The recent trend for the prosecution of historic offences continues. Amidst another scandal, former recruit instructors from Harrogate Army Foundation College faced court martial on a range of charges including assault by beating, ABH and the AFA 2006 offence of ill treatment. These offences were alleged to have been committed in June 2014. After an investigation lasting over three years, the case was stopped mid-trial after significant investigative failures were exposed.
Military training must be robust, service personnel need to be stoical, and standards cannot be allowed to decline. However, concerns remain that, in testing the strength of recruits, training has crossed over into unlawful behaviour towards some of the most vulnerable. Allegations of abuse must be properly investigated to safeguard the recruits of tomorrow. Morale, retention and further recruitment are all legitimate considerations for the Army. Nevertheless, military justice must guard against the witch-hunt that demands a scapegoat. The Service Prosecuting Authority has the same duty as CPS to be fair, independent and objective.
The prosecution of historic offences is inherently challenging. The memory of the complainant might be the only evidence, especially in cases lacking contemporaneous forensics or CCTV. That may well be reliable evidence in many cases, but memory is capable of being inaccurate. Increasingly, research suggests that everyone has highly fallible memories, arguably more so during childhood or at particularly traumatic events. Similarly, memory can be affected by interventions such as hypnotherapy or collusion between witnesses. Expert evidence cannot usually be used to analyse the reliability of the witness’s memory but those who defend should be alive to these challenges.
The justification for naming suspects seems to be founded upon the premise that a larger volume of complainants leads to more reliable evidence. This is not always the case; the practice of naming defendants is a double-edged sword. Although it assists investigation in that complainants may be encouraged to come forward if they know others have done so, the practice of naming defendants may in fact encourage copycat reporting, whether malicious or opportunistic. Similarity between accounts may be evidence of their truth. However, it is logically flawed to argue that because a large number of people make a similar allegation that it must be true. Concerns were expressed in the case of Nigel Evans, MP, that the Crown used corroboration by volume to bolster a weak case. This would never been allowed under other evidential gateways, such as bad character (see Hanson  EWCA Crim 824).

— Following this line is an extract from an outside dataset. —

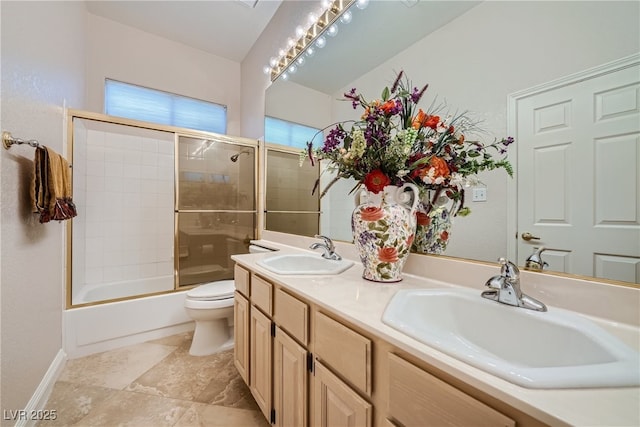 full bathroom with shower / bath combination with glass door, vanity, and toilet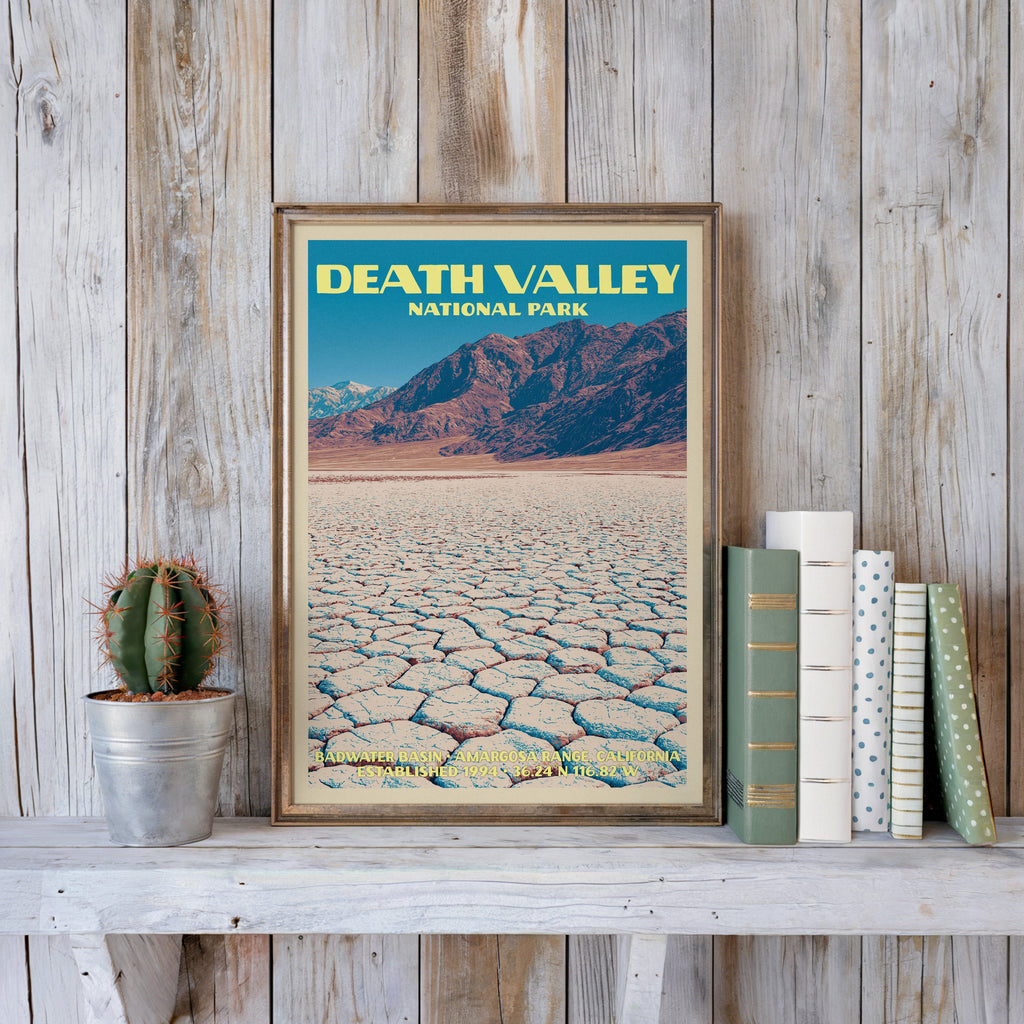 Death Valley vintage poster in a slim gold frame on a whitewashed plank wall beside a cactus and pastel books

The army is an inherently hierarchical organisation in which service personnel would not hesitate to air a grievance amongst their peers. With the widespread use of social media, stories, whether fact or rumour, can pass from the barracks to the Internet very quickly, spreading between units and Corps. Someone hearing an accusation might adopt the account, or elements of it, and present it as their own. There are many reasons why someone might lie about being the victim of abuse, for example, attention seeking, to gain revenge, to receive compensation, to highlight grievances, or to divert blame from themselves for their own shortcomings. It is open to any person who has made a false allegation to bolster that by encouraging another person to make an allegation. Wherever there are multiple complainants there lies potential for direct and dishonest collusion.
Even in the absence of collusion, innocent contamination can still take place. Upon hearing that allegations have been made, either directly or through media, others may relay their own experiences of the accused person. This is inevitable in an organisation like the military where service personnel live, train, work, and serve in close proximity to each other for prolonged periods of time. In the course of sharing stories, an individual may embellish the facts to make the account more exciting. The greater number of repetitions, the more compelling an individual may find his own exaggerated account. In this way, an instance of harsh training can be turned into an act of abuse in the mind of an honest but mistaken witness.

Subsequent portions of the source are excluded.